What Is Cosine Similarity Anyway?

Sep 14, 2019 00:00 · 1753 words · 9 minute read nlp math explainer

In my previous post about story similarity in the work of H.P. Lovecraft, I used cosine similarity to measure relatedness between documents. A trigonometric function seems like a strange way of working with documents. Why not use something simpler, like the Jaccard index? But there’s a good (and intuitive) reason, I promise. In a lot of NLP tutorials (and also in stats/ML in general, to be fair), formulas and measures are presented as if they were natural laws.
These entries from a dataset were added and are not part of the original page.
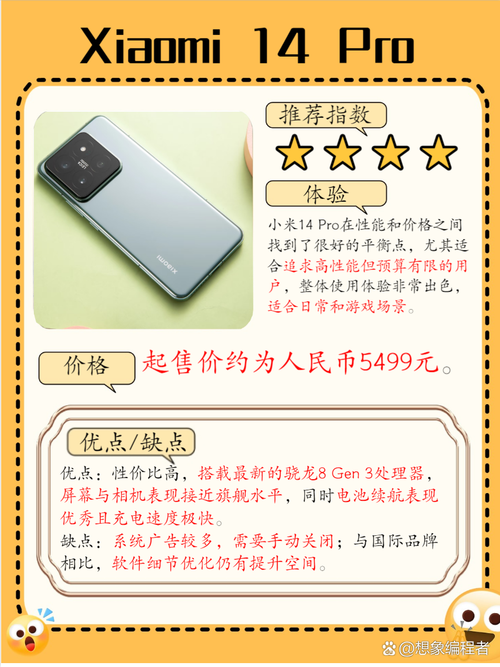一周之后安卓新机发布这些功能最值得期待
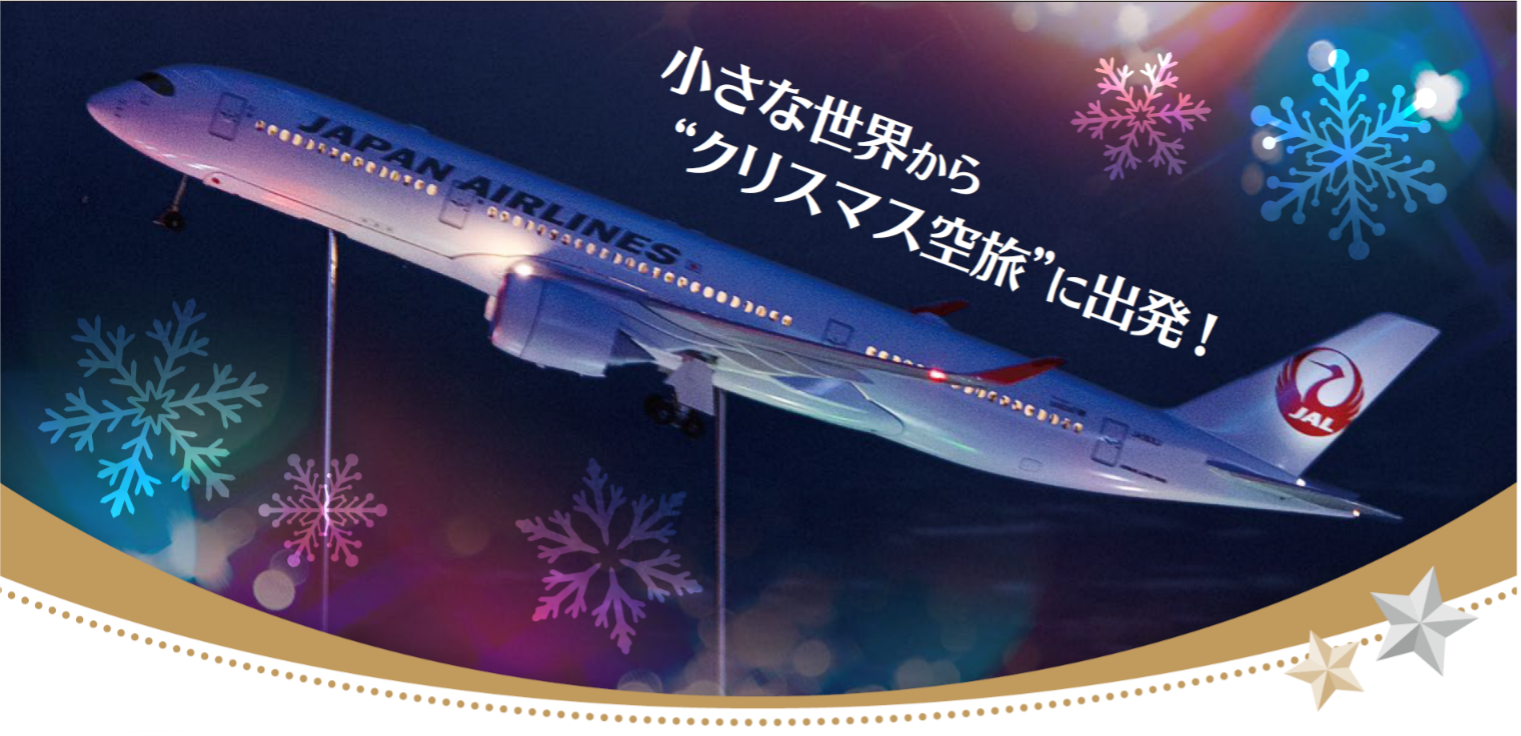 小さな世界から”クリスマス空旅”に出発！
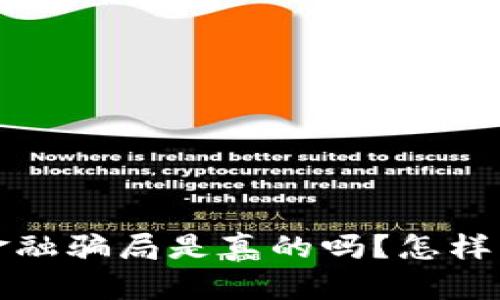  区块链普惠金融骗局是真的吗？怎样识别潜在风险？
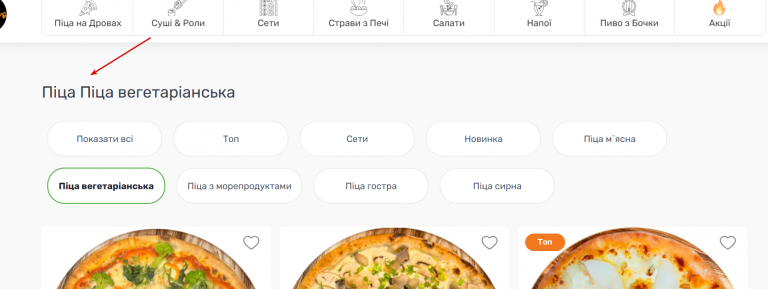 2025 10 24 16 10 14 png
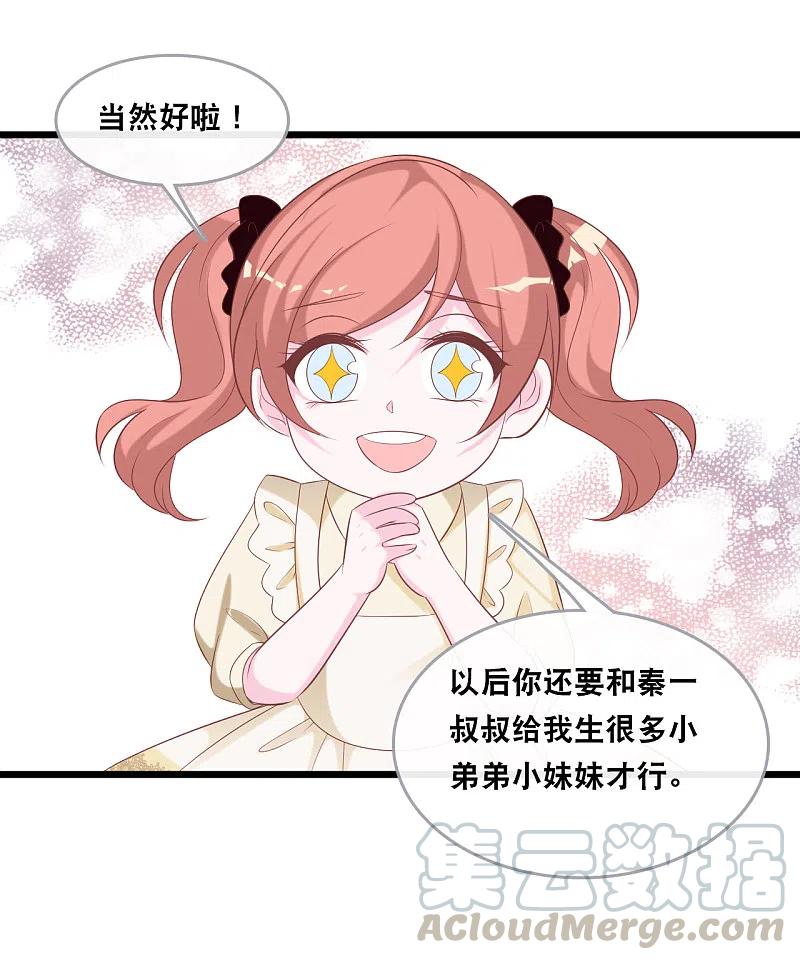 总裁爹地追上门139话 求婚后的失踪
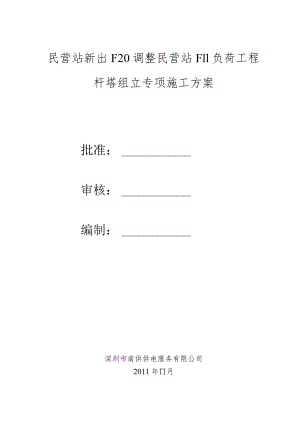 电杆组立施工方案1(DOC).docx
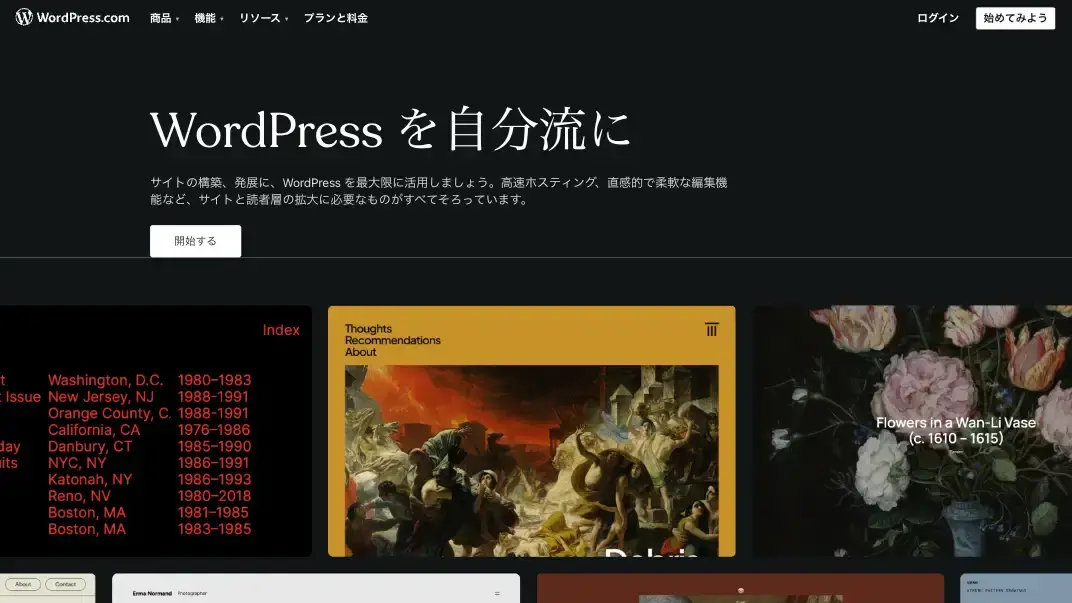 WordPressのスクリーンショット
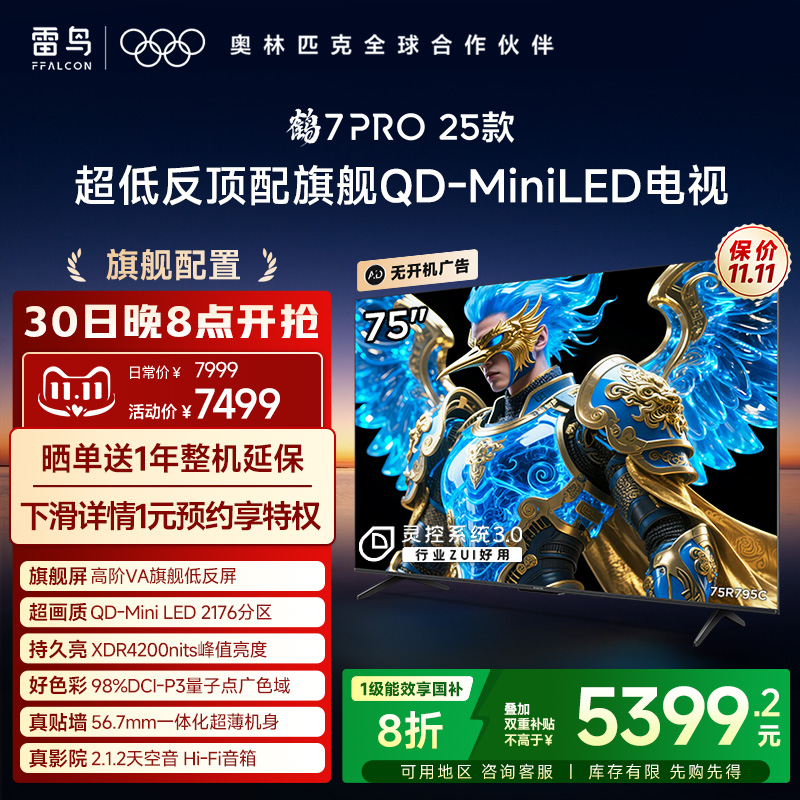 雷鸟鹤7 PRO 25款75英寸QD-MiniLED超低反电视机以旧换新补贴85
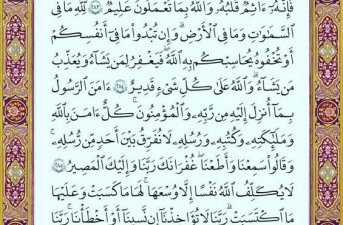 شروع صبح با یک صفحه از قرآن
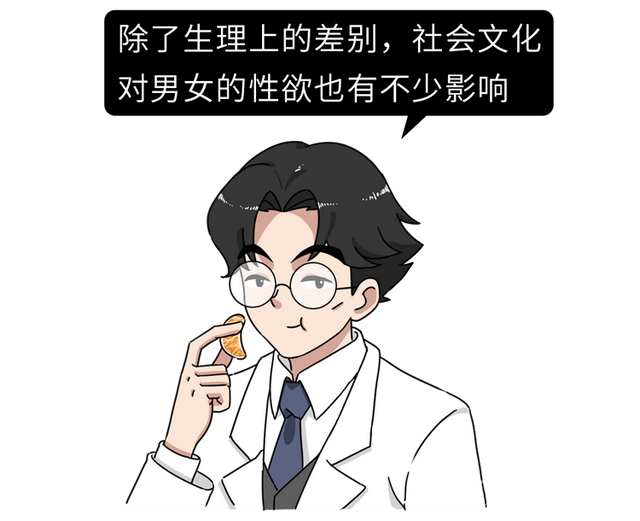 女生说is是什么意思，is是什么意思网络用语（生理欲望会比男人更强烈）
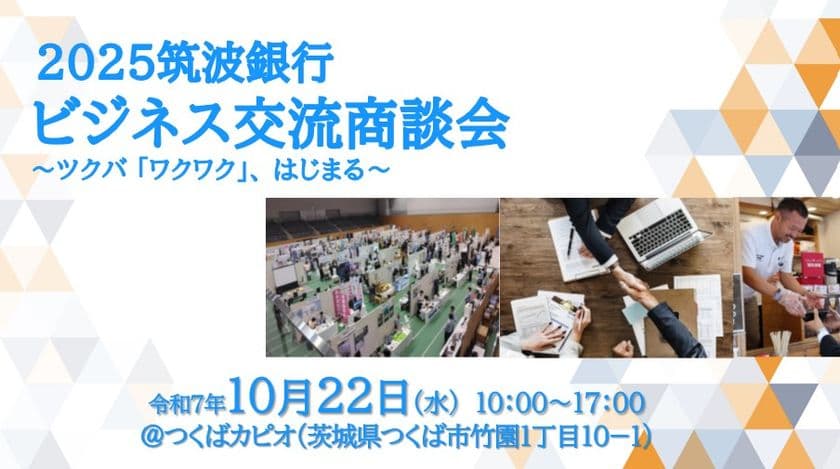食・ものづくり・ベンチャーなど幅広い分野の展示交流と個別商談会　
茨城県 つくばカピオでビジネス交流商談会を10月22日に開催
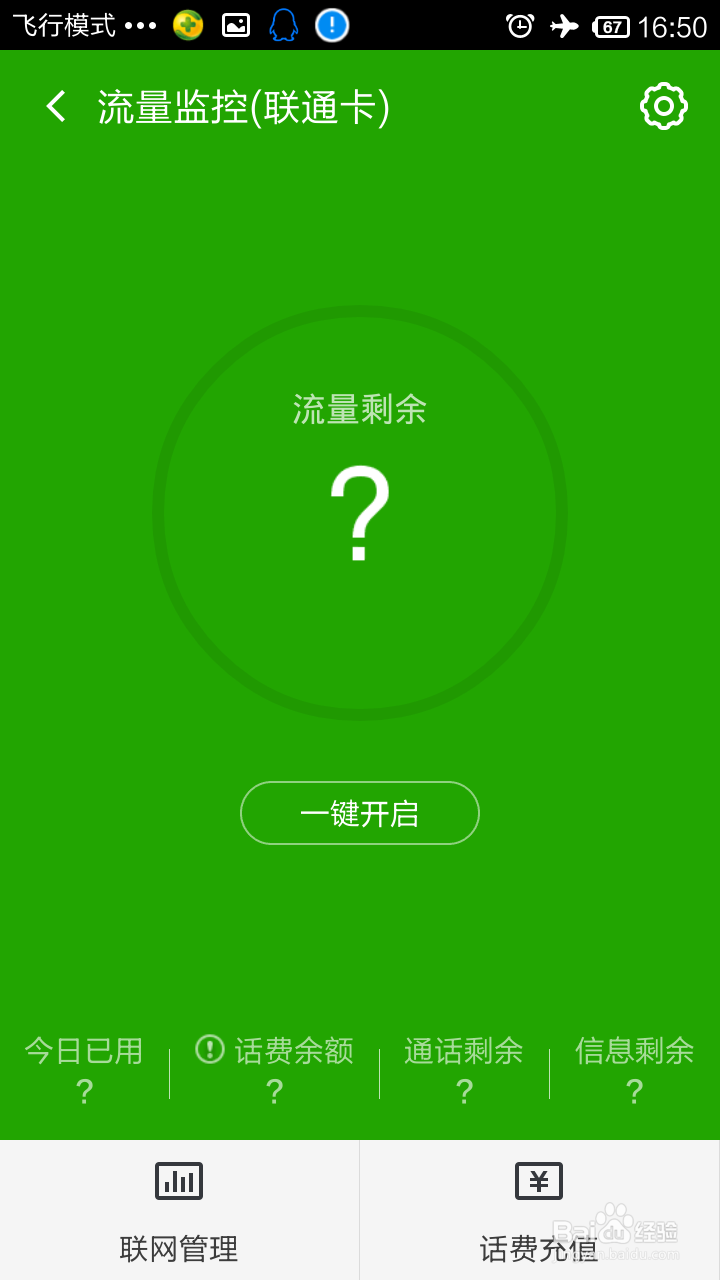 4G时代，为你的流量加把锁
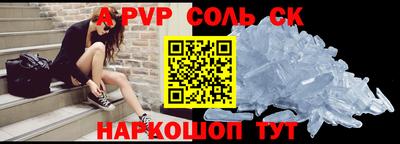 альфа пвп VHQ Туймазы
I want to describe the motivation for each and explain their relationship.

Jaccard index

A basic way of looking at document similarity is to look at how many words they share. Formally, the overlap is the intersection of two documents when considered as sets of words: \(S_{overlap}(\mathbf{a}, \mathbf{b}) = |\mathbf{a} \cap \mathbf{b}|\)

The Jaccard index (also called intersection-over-union) has a pretty straightforward motivation: we want to see how much overlap we have between two documents. We consider the documents as two sets of words. The intersection of a set is the number of items present in both sets (the overlap of a Venn diagram), while the union of two sets consists of items that are available in either set. Represented mathematically, the Jaccard index is \[S_{Jaccard}(\mathbf{A},\mathbf{B}) = J(\mathbf{A},\mathbf{B}) = \frac{|\mathbf{A} \cap \mathbf{B}|}{|\mathbf{A} \cup \mathbf{B}|}\]

Clearly the Jaccard index doesn’t consider anysort of weightings of words. It’s simply counting taking a ratio. We’re also not considering any words that neither document has. Jaccard ranges from 0 (no overlap) to 1 (‘total’ overlap). A Jaccard index of 1 doesn’t mean that the documents are identical. The overlap at \(J(A,B)=1\) is ‘total’ in the sense that both documents contain the same set of words. The phrases “butter not guns” and “guns not butter” would have the same Jaccard index.

Cosine Similarity

The other common measure of document similarity is the **cosine similarity*. With cosine similarity we’re not thinking about sets anymore, we’re thinking about vectors in spaces. A vector ‘points’ from the origin in the amount specified by its elements. So the vector [1, 5, 3] in a 3D space points 1 unit in the x axis, 5 in the y and 3 in the z. Using vector spaces makes our similarity measure more complicated, but it has a major advantage: instead of looking at Yes/No term in documents, we can now weight words by importance with procedures like tfidf. Beyond being able to use numbers instead of Yes/No indicators of set membership, we can bring in a lot of math to understand what’s going on. The cosine feels like a natural choice for a similarity measure: it ranges from -1 to 1, and gets larger when the angle in question is smaller. We know that the cosine between two vectors can be computed from the vectors themselves: \[S_{cosine}(\mathbf{a}, \mathbf{b}) = \cos \theta = \frac{\mathbf{a} \cdot \mathbf{b}}{\| \mathbf{a} \| \| \mathbf{b} \|}\]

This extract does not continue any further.